"Am I a Lesbian?"
- Author: Angeli Luz
- Language: English
- Subject: Lesbian identity, compulsory heterosexuality
- Published: January 2018
- Media type: Google Doc, PDF
- Pages: 30

= Am I a Lesbian? =

2018 resource document by Angeli Luz

"Am I a Lesbian?" is a document written by Tumblr user Angeli Luz (Note: Some sources incorrectly spell Luz's first name "Anjeli".) and first shared via Google Docs through her blog in 2018. Written over two days, the zine-like guide presents a series of questions that Luz was considering for herself at the time of writing while she attempted to understand her sexual orientation. Many of the document's questions engage with the concept of compulsory heterosexuality, a social force theorized by Adrienne Rich in 1980.

Since its release, the document has been widely reshared as a PDF and via other social media, especially TikTok since the 2020s. An article in Them described the "Am I a Lesbian?" as "part of the online queer canon"; it is frequently referred to as the "lesbian masterdoc" (Note: Spelled by some sources as "lesbian master doc".) in online queer spaces. Criticism of the document has focused on its articulation of "compulsory heterosexuality", which differs from Rich's initial conception of the term.

==Publication and content==
"Am I a Lesbian?" was first published as a 30-page (Note: Some sources, such as a 2021 Autostraddle article, cite the document as 31 pages in length.) Google Docs document by Angeli Luz on her Tumblr blog cyberlesbian in January 2018. Luz, then a high school student, wrote the document over the course of two days in her late teens after coming to terms with her attraction to women and trying to determine whether her attraction to men "was real or a social construct [she] took in as a facet of [her] identity". Luz remained anonymous as the guide's author until 2020 when she was interviewed about the document for an article in Vice.
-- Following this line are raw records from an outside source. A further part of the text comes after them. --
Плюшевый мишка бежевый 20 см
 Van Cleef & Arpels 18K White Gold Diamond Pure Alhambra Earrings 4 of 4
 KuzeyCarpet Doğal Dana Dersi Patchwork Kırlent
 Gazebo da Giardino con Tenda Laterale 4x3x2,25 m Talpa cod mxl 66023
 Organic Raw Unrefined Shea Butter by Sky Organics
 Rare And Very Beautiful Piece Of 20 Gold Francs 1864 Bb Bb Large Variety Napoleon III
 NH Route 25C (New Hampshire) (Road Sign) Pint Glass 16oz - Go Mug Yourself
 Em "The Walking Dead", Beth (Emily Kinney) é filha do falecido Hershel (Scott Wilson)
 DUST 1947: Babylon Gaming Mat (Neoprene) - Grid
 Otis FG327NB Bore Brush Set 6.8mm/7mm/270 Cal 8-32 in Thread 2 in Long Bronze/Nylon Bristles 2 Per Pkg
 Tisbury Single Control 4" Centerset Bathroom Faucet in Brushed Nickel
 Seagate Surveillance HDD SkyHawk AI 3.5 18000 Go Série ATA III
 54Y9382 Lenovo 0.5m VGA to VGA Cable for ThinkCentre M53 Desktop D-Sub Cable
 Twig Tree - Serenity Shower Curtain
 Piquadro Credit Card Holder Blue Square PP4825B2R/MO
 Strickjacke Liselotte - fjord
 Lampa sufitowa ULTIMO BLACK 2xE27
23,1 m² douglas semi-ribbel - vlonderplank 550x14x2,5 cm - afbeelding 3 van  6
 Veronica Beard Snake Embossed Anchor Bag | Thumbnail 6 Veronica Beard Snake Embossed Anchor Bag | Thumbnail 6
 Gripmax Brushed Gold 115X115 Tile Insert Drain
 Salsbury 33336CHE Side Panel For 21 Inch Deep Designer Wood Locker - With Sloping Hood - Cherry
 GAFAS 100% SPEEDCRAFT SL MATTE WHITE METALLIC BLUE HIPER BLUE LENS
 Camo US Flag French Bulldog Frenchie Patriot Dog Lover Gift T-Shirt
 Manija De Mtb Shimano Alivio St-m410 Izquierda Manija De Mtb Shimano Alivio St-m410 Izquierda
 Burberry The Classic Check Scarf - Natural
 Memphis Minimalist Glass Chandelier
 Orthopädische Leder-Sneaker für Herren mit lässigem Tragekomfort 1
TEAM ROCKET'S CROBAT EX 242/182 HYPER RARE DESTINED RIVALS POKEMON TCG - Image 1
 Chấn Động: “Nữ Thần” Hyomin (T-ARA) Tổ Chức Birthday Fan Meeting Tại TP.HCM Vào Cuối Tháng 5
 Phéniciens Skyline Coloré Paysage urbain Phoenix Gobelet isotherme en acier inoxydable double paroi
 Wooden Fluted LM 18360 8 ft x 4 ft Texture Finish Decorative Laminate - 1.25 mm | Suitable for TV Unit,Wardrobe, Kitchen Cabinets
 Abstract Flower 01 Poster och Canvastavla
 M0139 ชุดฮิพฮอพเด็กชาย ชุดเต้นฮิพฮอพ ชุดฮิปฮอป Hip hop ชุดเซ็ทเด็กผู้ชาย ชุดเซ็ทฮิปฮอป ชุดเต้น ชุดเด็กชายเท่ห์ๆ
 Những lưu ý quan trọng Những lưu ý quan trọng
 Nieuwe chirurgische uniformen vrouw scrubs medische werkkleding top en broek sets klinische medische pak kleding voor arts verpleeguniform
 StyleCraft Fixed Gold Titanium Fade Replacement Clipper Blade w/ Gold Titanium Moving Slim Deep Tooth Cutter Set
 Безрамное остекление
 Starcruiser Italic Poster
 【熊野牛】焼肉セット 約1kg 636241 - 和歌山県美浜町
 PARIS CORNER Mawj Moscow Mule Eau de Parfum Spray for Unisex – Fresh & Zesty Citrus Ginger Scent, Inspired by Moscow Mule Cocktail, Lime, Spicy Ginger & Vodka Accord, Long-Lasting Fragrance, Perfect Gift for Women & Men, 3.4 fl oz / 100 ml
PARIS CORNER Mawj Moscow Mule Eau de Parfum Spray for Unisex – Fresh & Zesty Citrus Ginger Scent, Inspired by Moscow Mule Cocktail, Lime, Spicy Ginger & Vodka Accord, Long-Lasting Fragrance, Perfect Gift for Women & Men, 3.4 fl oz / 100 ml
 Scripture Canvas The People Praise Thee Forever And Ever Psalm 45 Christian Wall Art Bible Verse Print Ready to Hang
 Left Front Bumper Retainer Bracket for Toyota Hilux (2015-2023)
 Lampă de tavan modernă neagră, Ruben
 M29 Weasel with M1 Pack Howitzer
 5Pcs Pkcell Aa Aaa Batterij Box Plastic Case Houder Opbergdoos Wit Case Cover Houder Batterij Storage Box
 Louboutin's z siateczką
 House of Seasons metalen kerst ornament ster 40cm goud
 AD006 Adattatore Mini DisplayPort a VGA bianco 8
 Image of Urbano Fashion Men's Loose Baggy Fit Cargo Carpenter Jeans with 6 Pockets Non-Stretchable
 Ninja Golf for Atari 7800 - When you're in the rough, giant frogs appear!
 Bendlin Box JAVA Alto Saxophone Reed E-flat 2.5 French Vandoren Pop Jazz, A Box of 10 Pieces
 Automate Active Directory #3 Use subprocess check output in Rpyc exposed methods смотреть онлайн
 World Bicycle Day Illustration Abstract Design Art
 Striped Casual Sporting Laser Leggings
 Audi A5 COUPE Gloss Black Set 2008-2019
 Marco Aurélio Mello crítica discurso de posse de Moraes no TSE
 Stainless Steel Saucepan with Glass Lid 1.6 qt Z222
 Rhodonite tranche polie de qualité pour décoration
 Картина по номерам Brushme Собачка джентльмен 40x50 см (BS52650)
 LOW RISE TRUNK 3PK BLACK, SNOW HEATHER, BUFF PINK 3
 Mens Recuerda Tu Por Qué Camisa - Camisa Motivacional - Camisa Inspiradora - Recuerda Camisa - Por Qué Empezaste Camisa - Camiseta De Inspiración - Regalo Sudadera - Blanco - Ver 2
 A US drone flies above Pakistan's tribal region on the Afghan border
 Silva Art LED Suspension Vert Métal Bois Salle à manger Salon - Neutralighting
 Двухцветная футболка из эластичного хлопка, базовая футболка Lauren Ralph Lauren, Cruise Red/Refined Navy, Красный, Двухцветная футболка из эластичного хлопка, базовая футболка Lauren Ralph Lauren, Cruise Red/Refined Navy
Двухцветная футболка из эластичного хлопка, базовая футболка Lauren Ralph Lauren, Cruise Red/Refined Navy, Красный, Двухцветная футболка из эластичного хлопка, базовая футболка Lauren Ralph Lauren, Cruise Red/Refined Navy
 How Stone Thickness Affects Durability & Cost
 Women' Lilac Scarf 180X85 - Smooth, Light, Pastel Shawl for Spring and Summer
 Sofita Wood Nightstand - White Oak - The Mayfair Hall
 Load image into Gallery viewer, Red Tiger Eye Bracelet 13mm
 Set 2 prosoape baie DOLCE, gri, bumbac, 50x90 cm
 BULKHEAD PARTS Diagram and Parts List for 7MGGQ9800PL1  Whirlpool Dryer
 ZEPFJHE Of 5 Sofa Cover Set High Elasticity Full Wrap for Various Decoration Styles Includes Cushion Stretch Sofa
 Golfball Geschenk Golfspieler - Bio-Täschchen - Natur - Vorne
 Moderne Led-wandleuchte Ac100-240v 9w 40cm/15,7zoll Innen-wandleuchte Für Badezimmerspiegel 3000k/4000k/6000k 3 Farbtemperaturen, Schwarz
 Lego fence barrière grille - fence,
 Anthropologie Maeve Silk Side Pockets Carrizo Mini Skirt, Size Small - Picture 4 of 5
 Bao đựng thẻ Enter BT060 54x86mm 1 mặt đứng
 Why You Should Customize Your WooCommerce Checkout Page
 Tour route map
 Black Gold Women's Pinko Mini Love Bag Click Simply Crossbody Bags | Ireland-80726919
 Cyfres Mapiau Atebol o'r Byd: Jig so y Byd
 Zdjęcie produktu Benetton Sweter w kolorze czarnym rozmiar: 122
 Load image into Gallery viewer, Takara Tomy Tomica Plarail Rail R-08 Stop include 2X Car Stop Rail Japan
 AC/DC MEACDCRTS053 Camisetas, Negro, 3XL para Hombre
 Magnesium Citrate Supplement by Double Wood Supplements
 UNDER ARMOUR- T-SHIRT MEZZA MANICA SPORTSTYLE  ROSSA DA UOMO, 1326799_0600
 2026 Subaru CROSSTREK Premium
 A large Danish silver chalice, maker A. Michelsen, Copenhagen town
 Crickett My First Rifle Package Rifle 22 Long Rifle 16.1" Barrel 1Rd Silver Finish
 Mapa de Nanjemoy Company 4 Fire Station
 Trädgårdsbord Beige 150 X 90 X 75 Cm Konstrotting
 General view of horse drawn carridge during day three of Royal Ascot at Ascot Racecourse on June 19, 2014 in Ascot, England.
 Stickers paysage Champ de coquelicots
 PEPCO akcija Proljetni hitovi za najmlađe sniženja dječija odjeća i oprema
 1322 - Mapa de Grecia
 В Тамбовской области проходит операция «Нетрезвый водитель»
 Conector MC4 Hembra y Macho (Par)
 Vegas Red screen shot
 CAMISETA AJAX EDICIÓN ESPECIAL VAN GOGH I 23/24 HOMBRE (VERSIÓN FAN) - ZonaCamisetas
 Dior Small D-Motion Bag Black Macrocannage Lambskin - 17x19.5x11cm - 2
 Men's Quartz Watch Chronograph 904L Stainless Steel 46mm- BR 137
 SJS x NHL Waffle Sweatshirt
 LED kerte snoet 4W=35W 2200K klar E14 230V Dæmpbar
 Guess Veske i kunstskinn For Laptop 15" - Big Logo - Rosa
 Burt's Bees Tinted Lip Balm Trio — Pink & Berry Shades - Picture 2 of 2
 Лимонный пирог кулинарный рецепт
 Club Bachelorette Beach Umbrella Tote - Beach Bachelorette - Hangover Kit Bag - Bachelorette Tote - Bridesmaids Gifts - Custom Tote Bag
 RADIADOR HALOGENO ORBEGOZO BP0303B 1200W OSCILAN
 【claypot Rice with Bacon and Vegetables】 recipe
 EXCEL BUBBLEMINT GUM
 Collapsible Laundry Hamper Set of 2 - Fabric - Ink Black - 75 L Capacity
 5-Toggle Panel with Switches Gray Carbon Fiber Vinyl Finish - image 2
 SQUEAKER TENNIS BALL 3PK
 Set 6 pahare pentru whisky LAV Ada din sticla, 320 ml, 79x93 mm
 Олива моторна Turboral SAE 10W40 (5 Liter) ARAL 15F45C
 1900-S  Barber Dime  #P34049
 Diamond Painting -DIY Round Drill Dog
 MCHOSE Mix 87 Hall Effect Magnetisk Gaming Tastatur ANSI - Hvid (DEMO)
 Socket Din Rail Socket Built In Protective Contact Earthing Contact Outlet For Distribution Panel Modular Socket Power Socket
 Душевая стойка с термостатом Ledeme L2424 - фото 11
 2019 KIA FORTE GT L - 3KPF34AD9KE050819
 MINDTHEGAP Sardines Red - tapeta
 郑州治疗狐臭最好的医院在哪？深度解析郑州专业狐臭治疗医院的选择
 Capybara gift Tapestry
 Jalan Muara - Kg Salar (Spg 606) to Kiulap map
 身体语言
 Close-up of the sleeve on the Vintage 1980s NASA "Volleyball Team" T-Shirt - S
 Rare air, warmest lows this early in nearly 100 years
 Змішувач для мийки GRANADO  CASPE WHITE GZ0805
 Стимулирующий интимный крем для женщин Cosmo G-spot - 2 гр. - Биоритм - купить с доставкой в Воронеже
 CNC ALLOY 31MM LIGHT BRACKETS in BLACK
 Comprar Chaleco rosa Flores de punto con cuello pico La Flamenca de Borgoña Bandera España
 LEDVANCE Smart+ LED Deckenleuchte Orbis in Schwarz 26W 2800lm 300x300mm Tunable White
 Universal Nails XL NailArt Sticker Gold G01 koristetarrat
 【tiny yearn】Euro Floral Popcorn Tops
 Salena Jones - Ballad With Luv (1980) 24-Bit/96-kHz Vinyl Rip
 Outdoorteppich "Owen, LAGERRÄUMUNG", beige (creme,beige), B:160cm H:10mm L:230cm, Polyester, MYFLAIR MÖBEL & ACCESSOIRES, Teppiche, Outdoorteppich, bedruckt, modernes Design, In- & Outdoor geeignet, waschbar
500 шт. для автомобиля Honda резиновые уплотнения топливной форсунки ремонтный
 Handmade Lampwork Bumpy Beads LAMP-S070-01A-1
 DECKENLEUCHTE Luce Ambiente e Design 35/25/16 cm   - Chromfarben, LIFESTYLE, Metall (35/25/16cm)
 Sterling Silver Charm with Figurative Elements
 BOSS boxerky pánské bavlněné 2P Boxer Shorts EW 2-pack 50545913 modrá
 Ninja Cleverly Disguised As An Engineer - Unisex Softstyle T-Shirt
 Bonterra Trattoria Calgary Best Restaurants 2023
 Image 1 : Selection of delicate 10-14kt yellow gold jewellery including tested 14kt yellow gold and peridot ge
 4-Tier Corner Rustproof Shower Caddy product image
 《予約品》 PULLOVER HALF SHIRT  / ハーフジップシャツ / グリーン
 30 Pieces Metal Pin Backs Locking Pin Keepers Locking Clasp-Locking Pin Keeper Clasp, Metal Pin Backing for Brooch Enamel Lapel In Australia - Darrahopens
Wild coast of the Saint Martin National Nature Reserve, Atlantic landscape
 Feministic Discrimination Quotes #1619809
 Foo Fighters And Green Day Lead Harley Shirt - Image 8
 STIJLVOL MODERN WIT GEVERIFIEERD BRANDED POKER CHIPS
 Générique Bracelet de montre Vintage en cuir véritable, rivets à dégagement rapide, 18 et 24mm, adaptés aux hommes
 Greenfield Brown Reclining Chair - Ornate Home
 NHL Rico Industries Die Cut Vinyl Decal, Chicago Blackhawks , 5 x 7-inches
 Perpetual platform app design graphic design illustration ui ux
"Am I a Lesbian?" is divided into 20 sections and formatted "like a blog post, not a scientific paper; it's rife with bulleted lists, inconsistent capitalization, and conversational asides". Stefanie Duguay, a professor of communication, likened the document to a zine. The work offers a series of questions to help the reader determine whether they experience attraction to women and whether attraction they feel towards men is genuine or is guided by compulsory heterosexuality, a social force first theorized by American essayist and feminist Adrienne Rich in her 1980 article "Compulsory Heterosexuality and Lesbian Existence" (though Rich is not mentioned in "Am I a Lesbian?"). Compulsory heterosexuality, also referred to as "comphet" in the document, is argued by "Am I a Lesbian?" to be the pervasive assumption that women's attraction to men is socially constructed and enforced through societal pressures and norms. The document affirms lesbian identities and queer attractions for transgender and nonbinary readers, and regardless of past attraction to or romantic/sexual experience with men.

"Am I a Lesbian?" has been widely redistributed; while the original Google Docs link became unavailable by 2020 (ostensibly for violating the Google Docs terms of service), the text of the guide was reshared in PDF form on other platforms like Twitter and Reddit. Luz's original post had garnered over 30,000 notes on Tumblr by 2024, and the guide had become known colloquially as the "lesbian masterdoc" by that same year in some online queer communities.

==Legacy and responses==
"Am I a Lesbian?" was described by Quispe López in Them in 2024 as "part of the online queer canon" and as having attained a cult following. Celebrities Reneé Rapp and Kehlani have cited the document as helping them come to terms with their lesbian identities. Variations on the document from other authors, such as a similar resource called "Am I Trans?", have since also been shared. References to "Am I a Lesbian?" and compulsory heterosexuality as articulated by the document became common on TikTok in the early 2020s; some TikTok videos misattributed the coinage of "compulsory heterosexuality" to "Am I a Lesbian?".

Duguay described the treatment of compulsory heterosexuality in "Am I a Lesbian?" as overemphasizing the experiences of individuals and minimizing the social and political aspects of Rich's original theorization of the concept. According to Duguay, the document's framing of compulsory heterosexuality as "an individual problem is not going to invoke change at these bigger societal levels". Caroline Godard, a scholar of French literature, wrote that "the Masterdoc hints that compulsory heterosexuality is a way of thinking about one's relationship to the world — it is an epistemological orientation that one can, with practice, choose to opt out of — whereas for Rich, compulsory heterosexuality describes how the world is organized", concluding that the document suggests a person may opt out of compulsory heterosexuality through an arrival at a personal lesbian identity, which is not possible in Rich's conception of the concept. A study published in the Journal of Lesbian Studies described the shifting understanding of compulsory heterosexuality from Rich's theorization to "Am I a Lesbian?" to TikTok as a limited form of generation loss within the queer communities studied.